*** Opening Information shown ***

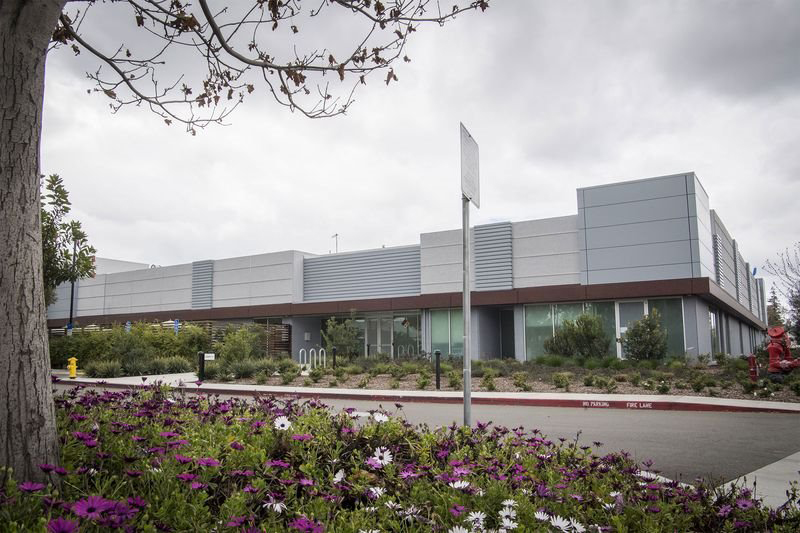 Công Ty Apple Sản Xuất iPhone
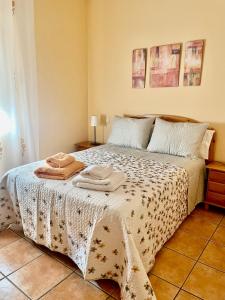 1 dormitorio con 1 cama con 2 toallas en Casa San Marcos, en El Hornillo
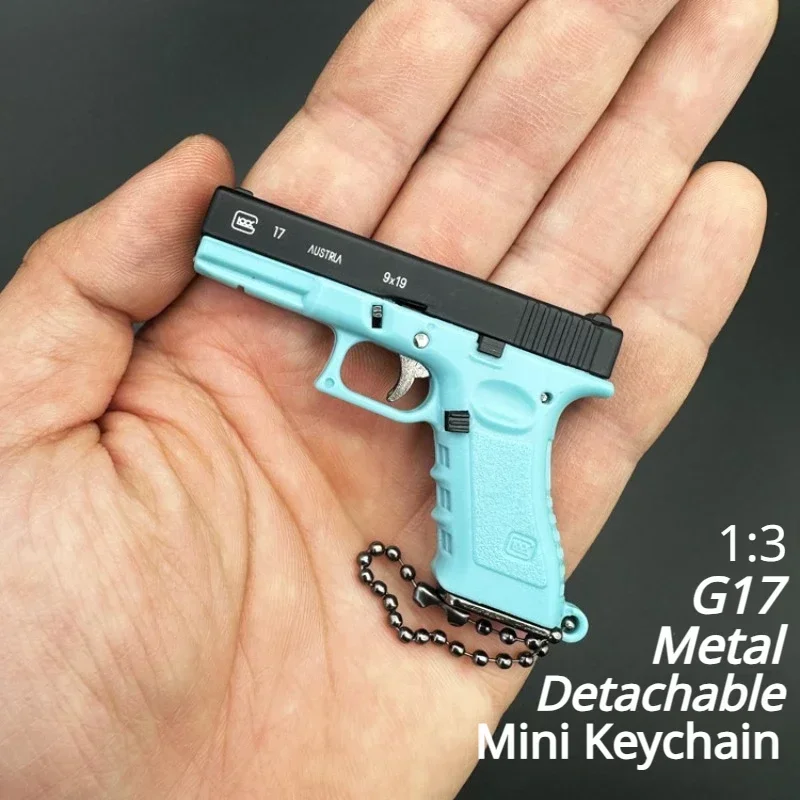 1: 3 Mini G17 Model kovových hračiek zliatiny zliatiny Kľúčenka Odnímateľný vzhľad skutočná zbierka Farba Pôsobivé narodeninové darčeky pre chlapcov dospelých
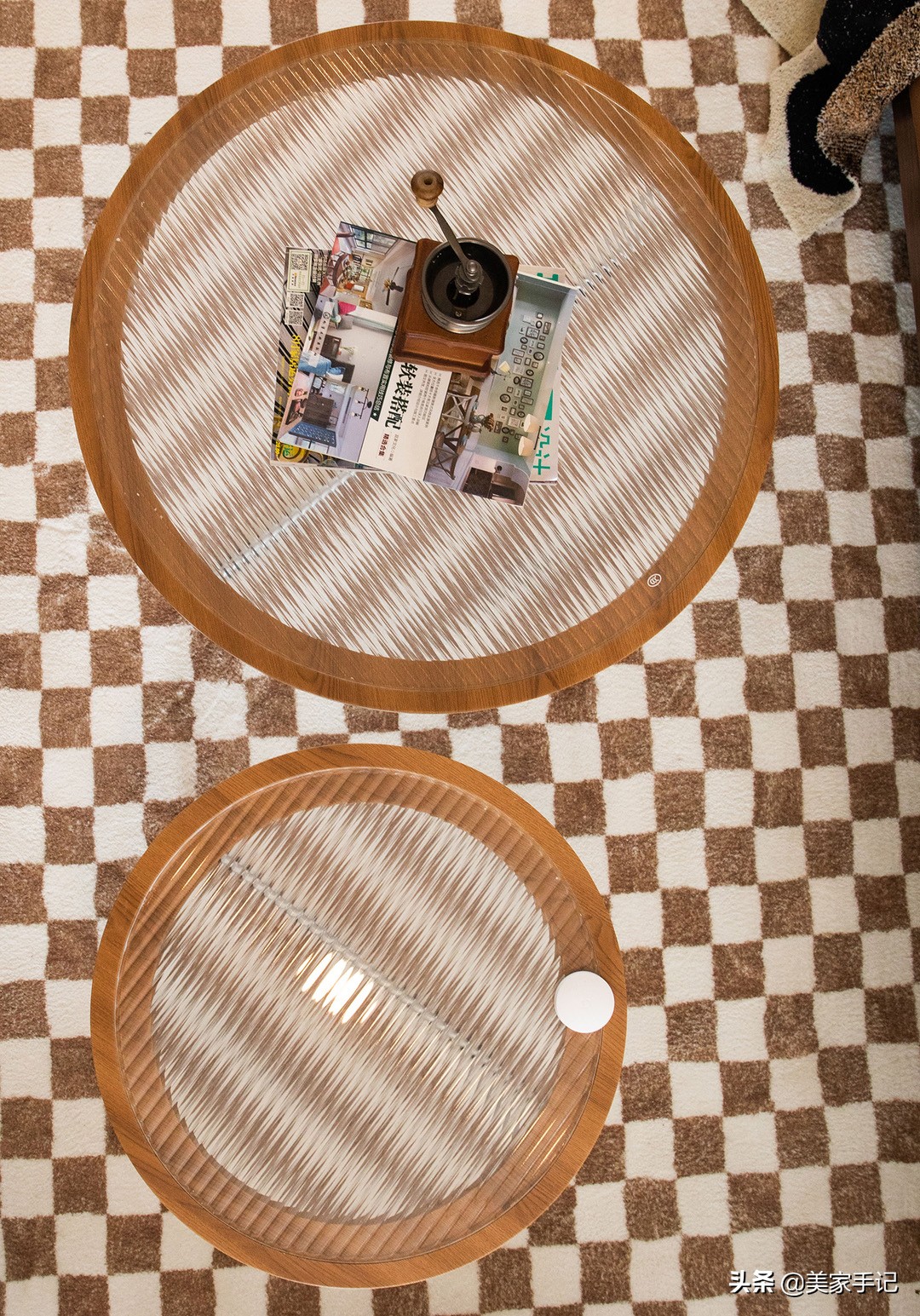 再买房，我一定沙发不靠墙，学她家定制一组柜子，美观实用又大气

*** Closing Information shown ***

● **Task statement**
Working from the line that contains "1: 3 Mini G17" to the last line of the listing, please quote each line exactly, pictures excluded.

● **Your response**
 1: 3 Mini G17 Model kovových hračiek zliatiny zliatiny Kľúčenka Odnímateľný vzhľad skutočná zbierka Farba Pôsobivé narodeninové darčeky pre chlapcov dospelých
 再买房，我一定沙发不靠墙，学她家定制一组柜子，美观实用又大气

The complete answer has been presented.